# Task item
Your reply should be an exact copy of the lines from the one that holds "Women showing off" to the end of the data below.

(Source material Opens)

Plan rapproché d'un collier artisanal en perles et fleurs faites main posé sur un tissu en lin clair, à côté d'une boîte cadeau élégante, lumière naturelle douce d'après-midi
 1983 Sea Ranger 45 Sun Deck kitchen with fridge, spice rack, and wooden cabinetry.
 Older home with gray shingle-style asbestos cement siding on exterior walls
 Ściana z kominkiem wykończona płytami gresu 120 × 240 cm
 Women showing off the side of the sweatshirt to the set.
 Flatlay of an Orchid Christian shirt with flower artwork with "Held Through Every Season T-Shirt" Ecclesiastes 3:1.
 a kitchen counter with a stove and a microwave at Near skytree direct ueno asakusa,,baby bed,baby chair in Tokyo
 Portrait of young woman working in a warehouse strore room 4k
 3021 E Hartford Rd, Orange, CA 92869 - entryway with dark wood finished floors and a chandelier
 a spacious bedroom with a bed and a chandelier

(Source material Closes)

# Problem solution
 Women showing off the side of the sweatshirt to the set.
 Flatlay of an Orchid Christian shirt with flower artwork with "Held Through Every Season T-Shirt" Ecclesiastes 3:1.
 a kitchen counter with a stove and a microwave at Near skytree direct ueno asakusa,,baby bed,baby chair in Tokyo
 Portrait of young woman working in a warehouse strore room 4k
 3021 E Hartford Rd, Orange, CA 92869 - entryway with dark wood finished floors and a chandelier
 a spacious bedroom with a bed and a chandelier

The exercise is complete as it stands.